:: WORK ORDER ::
For this exercise, write out only the lines of the entries below from the one with "Chargrilled Chicken Shish" up to and including the one with "Black & White", exactly as they are. Pictures stay out.

:: DATA TO EXAMINE ::
>>>>
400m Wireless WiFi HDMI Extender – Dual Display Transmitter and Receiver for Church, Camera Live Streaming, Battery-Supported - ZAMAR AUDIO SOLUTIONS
<<<<
>>>>
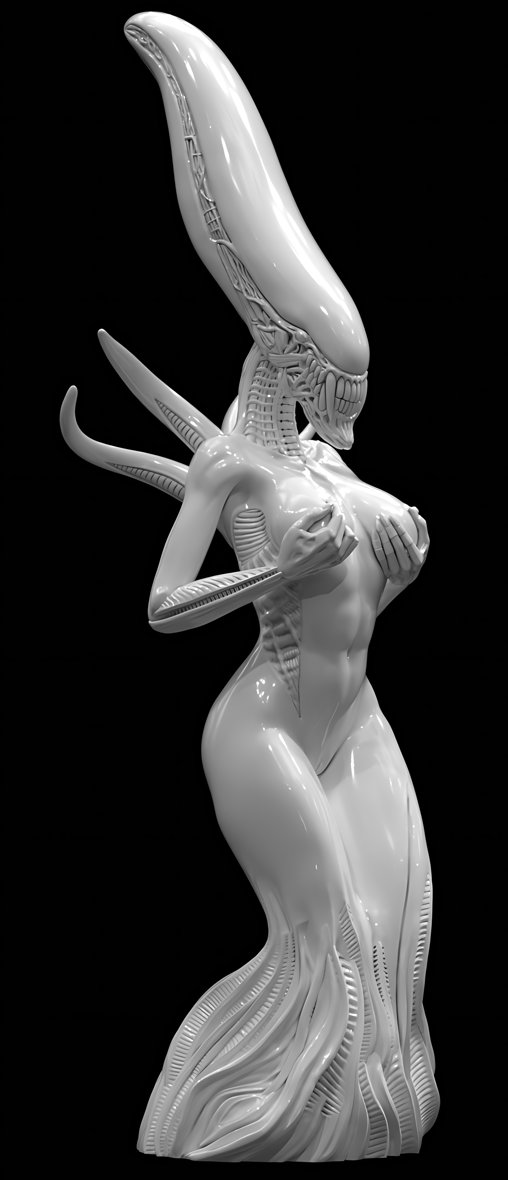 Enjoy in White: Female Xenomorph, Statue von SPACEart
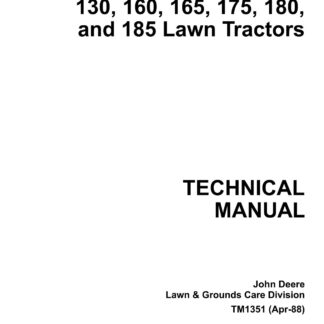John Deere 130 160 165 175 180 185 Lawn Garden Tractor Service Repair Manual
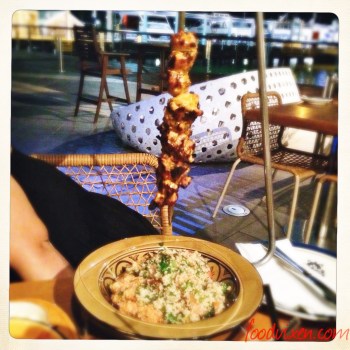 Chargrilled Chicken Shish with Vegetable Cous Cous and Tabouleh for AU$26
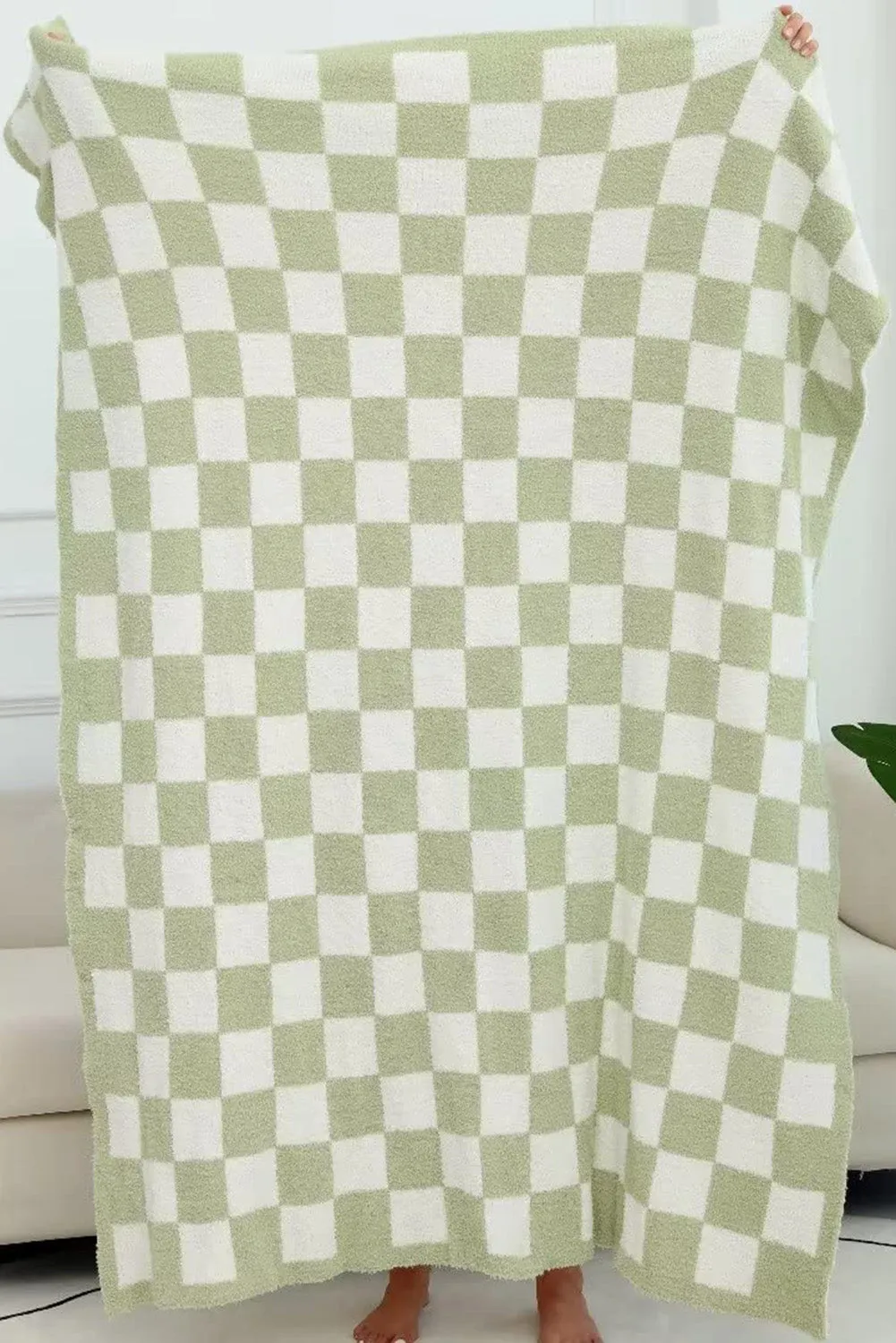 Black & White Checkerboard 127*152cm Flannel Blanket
<<<<
:: ANSWER TO THE EXERCISE ::
 Chargrilled Chicken Shish with Vegetable Cous Cous and Tabouleh for AU$26
 Black & White Checkerboard 127*152cm Flannel Blanket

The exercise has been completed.